The Butcher Comes Home!

The Butcher comes home from his exciting adventure today. He said he was going to Vegas, but when he got there, he texted me that he was on his way to Utah. And then the pictures he sent were all of grand canyons and, well, I think the literal Grand Canyon. So, I will wait for the Butcher to get home to hear where he’s actually been.

It’s one of my favorite things about the Butcher. Well, I have lots of favorite things about him. But I love that he is not afraid of the big world. That’s not something I can say about myself.

Also, I was reminded yesterday of the not-so-illustrious career of the pirate Captain John Phillips, whose pirate captain years were fairly short and unsuccessful, what with his crew of eight guys (eleven at the height of his power). I mean, I’m sorry, but a pirate ship with nine crew members is just an angry canoe. He’s only well-known because his was an angry canoe with a surviving list of things the pirates could and could not do.

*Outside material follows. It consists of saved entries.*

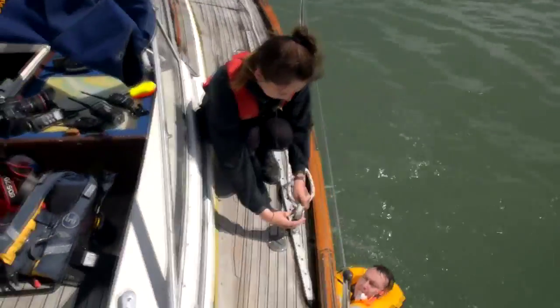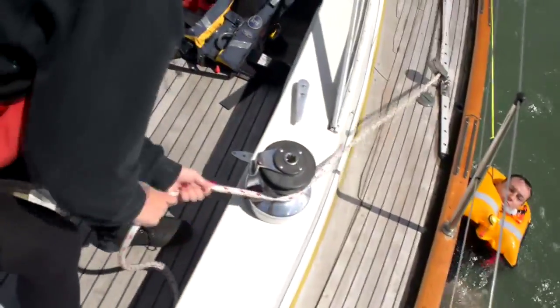With the man overboard safely attached to a cleat on deck, the rescuer can then set up their preferred retrieval system.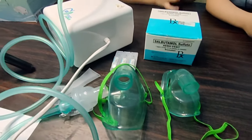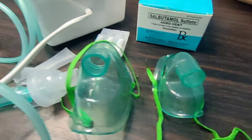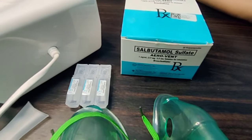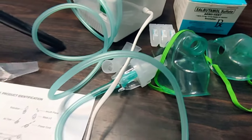So it comes with two types of masks — one for adults and one for kids — and there's the mouthpiece, the cord. Of course, this Salbutamol Sulfate Aerovent is not included in the package. Let's try it out.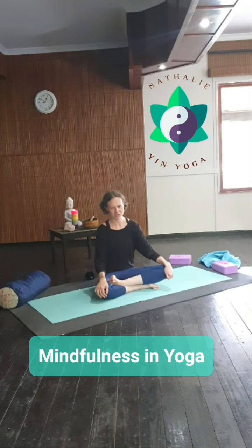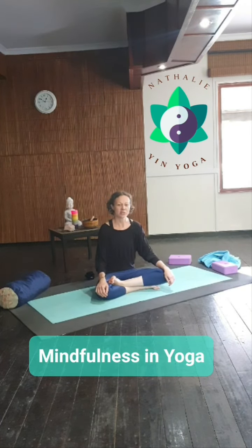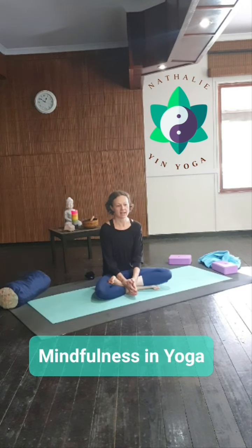Hi and welcome to Yin Yoga with Natalie. I just wanted to do a short video and discuss mindfulness with you.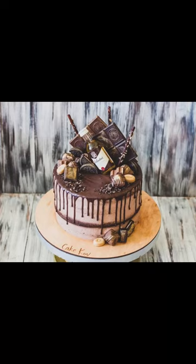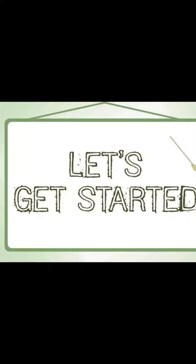Hi, everyone. Today we are going to make the yummiest cake you can imagine. This is an amazing chocolate cake, and you will love it. Let's get started.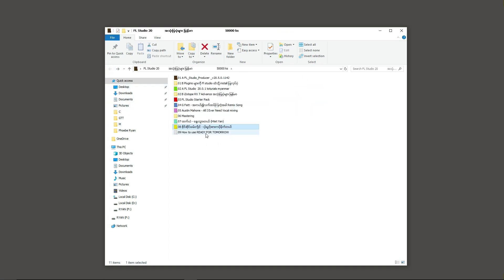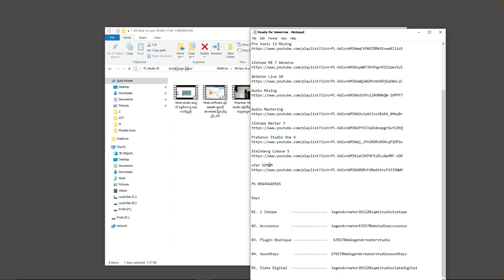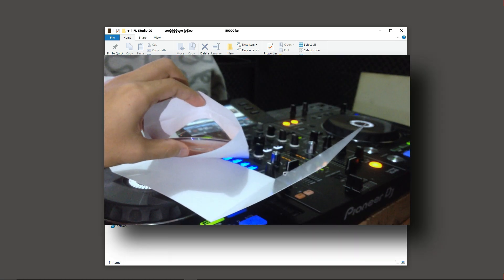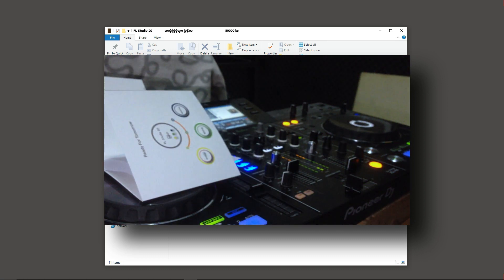This is how to use Ready for Tomorrow, and this is free to watch this video. Hi, I'm a video of my video. I'll be right back. This video will be a little more.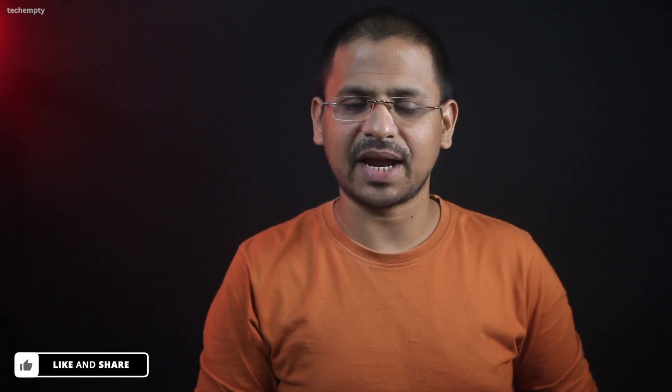I hope you found this tutorial helpful. If you did, please consider buying me a coffee by clicking on the super thanks button below the video. Your support helps keep this channel going and allows me to create more content like this for you. And don't forget to subscribe and hit that notification bell so you never miss out on future tips and tutorials. Thanks for watching and I'll see you in the next one.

Here’s the thing. I found some Phillipses in Connecticut who had his stuff. A woman had some gold rings of his. A man had a letter he’d written (this would be in the mid-1700s and he was a pirate a little earlier than that). And the family lore seemed to be that John Phillips was these Phillipses’ either father or grandfather by way of his second wife.

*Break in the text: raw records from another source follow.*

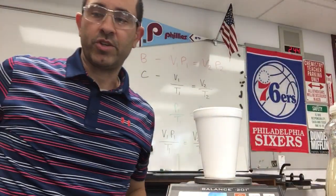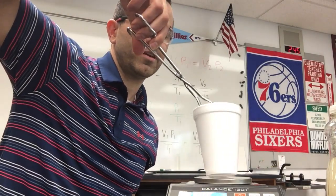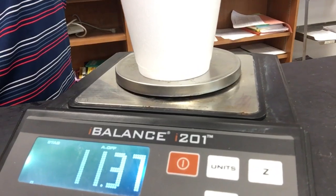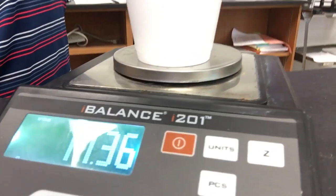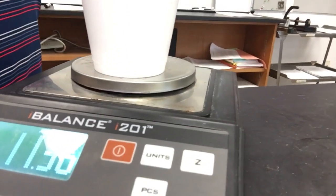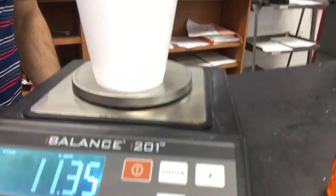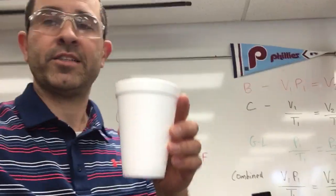The next step: I want to take my piece of dry ice, use the tongs so I don't get frostbite on my hands, put it into the cup, and let's check out what the reading is. 11.37. Oh, 11.36. What's going on here? It changed. Oh no, 11.35. The solid is turning into a gas — it's getting lighter as we speak, so we've got to hurry up. Write down 11.35 grams. Dry ice weighs 11.35 grams.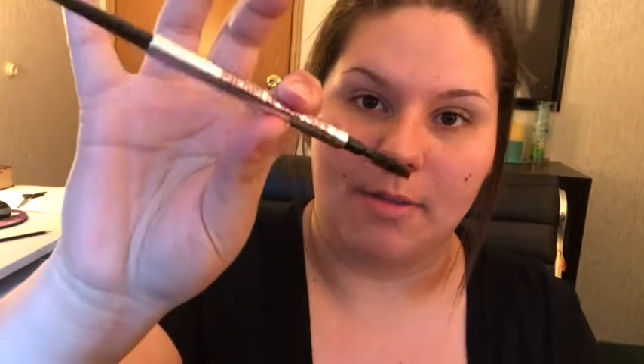I'm going to take my brow pencil by Benefit, specifically my brow pencil in shade 4, and I'm gonna do my brows. But today I'm gonna make them a little bit sharper because that's kind of a trend in goth makeup that I've noticed, so that's what I'm gonna do.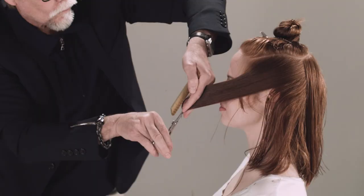We've got the sides cut, and sometimes I like to cut those before I do the actual front. So let's start on that fringe area and the top.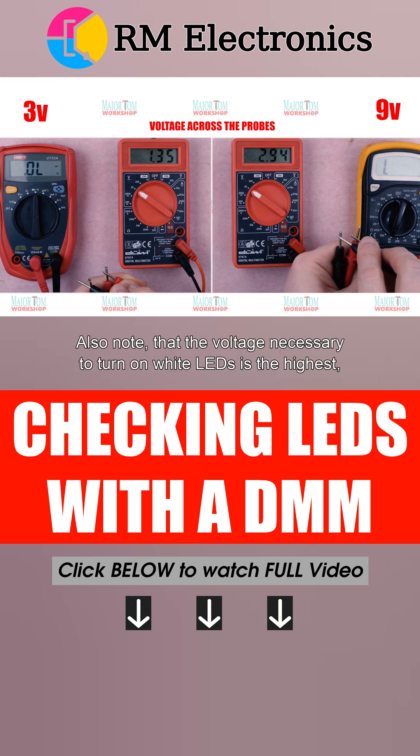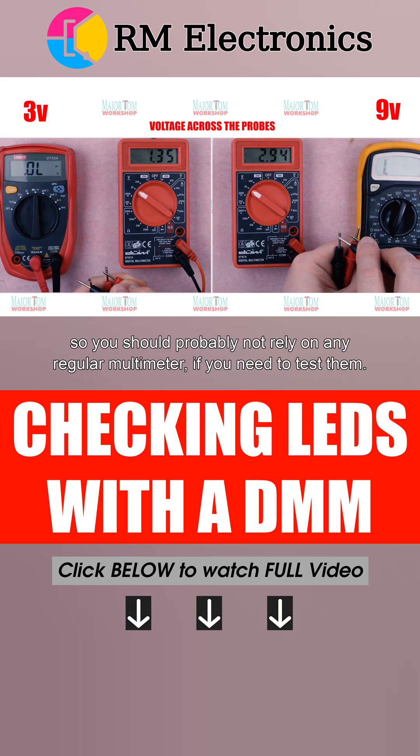Also note that the voltage necessary to turn on a white LED is the highest, so you should probably not rely on any regular multimeter if you need to test them.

But I couldn’t find anything on my brief internet search about whether his family ended up in Massachusetts.

Still, of course, I am dying to be related to him. We are related to a lot of scoundrels on my dad’s side (and a lot of ministers, with some overlap)–Lizzie Borden, Johnathan Moulton, Mary Sibly and Mary Wolcott. Why can’t we have a pirate in the mix?

If it turns out we are related, my first act will be to capture eight people, put them in a canoe, and force them to listen to things I’ve written!

Don’t ask me, “B. why are you mean?”

“Why do you write stuff?”

“Why do you get angry when I spit out my snuff?

Stop and think it over. Try to put yourself in my unique position.

If I get mean and read you stuff against your will and make you steal from other people, I’m just carrying on an old family tradition.

It almost works.


8 thoughts on “The Butcher Comes Home!

  1. If being related to Captain John Phillips doesn’t work out for you, I have also written about a different pirate named John Phillips in one of my recent papers on pirates as non-state nations. He was one of the Dread Pirate Roberts’ crew and was hung by the British Admiralty off the coast of Africa after a prefunctory trial, but not before he provided some choice quotes for historians. (And of course, he swore he was innocent of all piratical behaviors, never fired his gun and couldn’t even figure out how to bring it to bear on the opposing vessels, only ransacked ships because he was forced to do so.)

  2. I just sent you the paper via email. Pirates are surprisingly useful to think about the evolution of the modern state and what makes a nation a nation. It was easy to think of ethnic entities whose states existed transnationally or internationally (Jamaican maroons, the Six Nations) but all of those have/had/would like to exert sovereignty over a specific place even if that place or places don’t have geographic continguity or map inconveniently over other national boundaries. I started to wonder if it was possible to divorce the idea of a nation from terrestrial boundaries and came up with Golden Age pirates. Basically I’m playing around with 18th century notions of nationhood and subjectship (and pirates, being very bad…indeed, the worst…subjects…the extreme outer limits of these concepts). My current research — if I ever can stop grading long enough to do it — is about the (rumored) pirate families of Madagascar and how early 18th century English legal experts attempted to argue that these bi-racial non-resident non-English speaking sons and daughters of freebooters were still…somehow…English subjects and a potential important source of revenue for the British Crown if only they could be taxed. (Takes me into some very interesting discussions of reproductive labor and nationhood…)

  3. Ha ha ha. When you put it that way, it makes me want to chuck everything else I’m working on and just write about the Angry Canoe of Forced Storytime.